*Instructions for the task*:
Using the listing below, copy exactly the lines from the one containing "Antique Victorian Chesterfield armchair" to the one containing "2194 Corrigan Way, Normal, IL 61761", both lines included, and no others.

==== Record set ====

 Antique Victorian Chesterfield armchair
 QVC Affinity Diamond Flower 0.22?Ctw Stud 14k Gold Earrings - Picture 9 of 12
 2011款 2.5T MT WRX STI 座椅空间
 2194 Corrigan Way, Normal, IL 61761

====
==== Record set ====

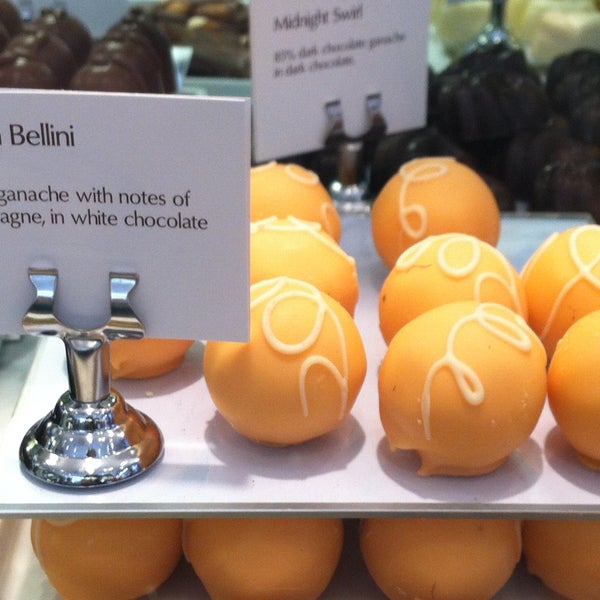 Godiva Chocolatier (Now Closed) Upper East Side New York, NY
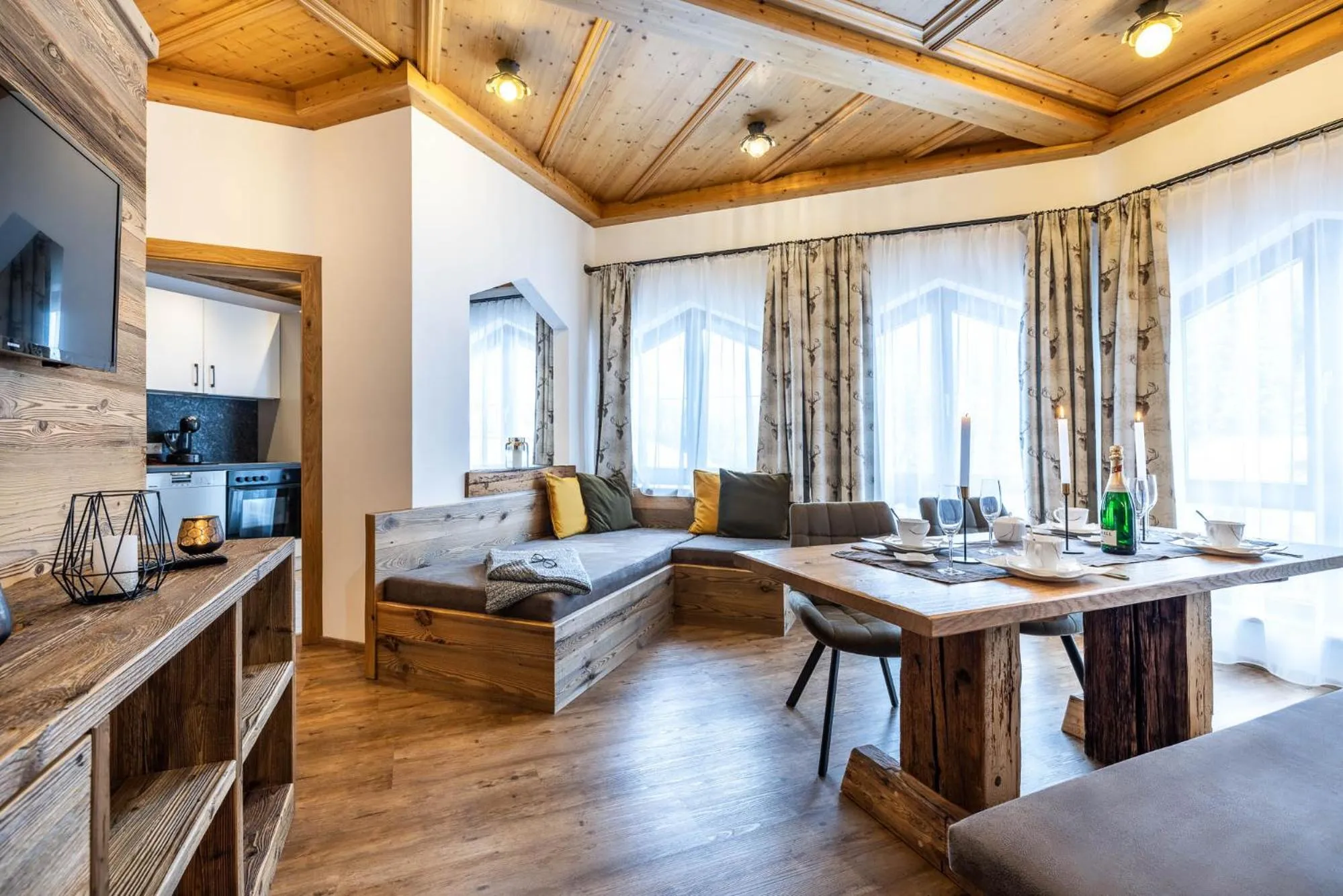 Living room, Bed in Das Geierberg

====

*Exercise solution*:
 Antique Victorian Chesterfield armchair
 QVC Affinity Diamond Flower 0.22?Ctw Stud 14k Gold Earrings - Picture 9 of 12
 2011款 2.5T MT WRX STI 座椅空间
 2194 Corrigan Way, Normal, IL 61761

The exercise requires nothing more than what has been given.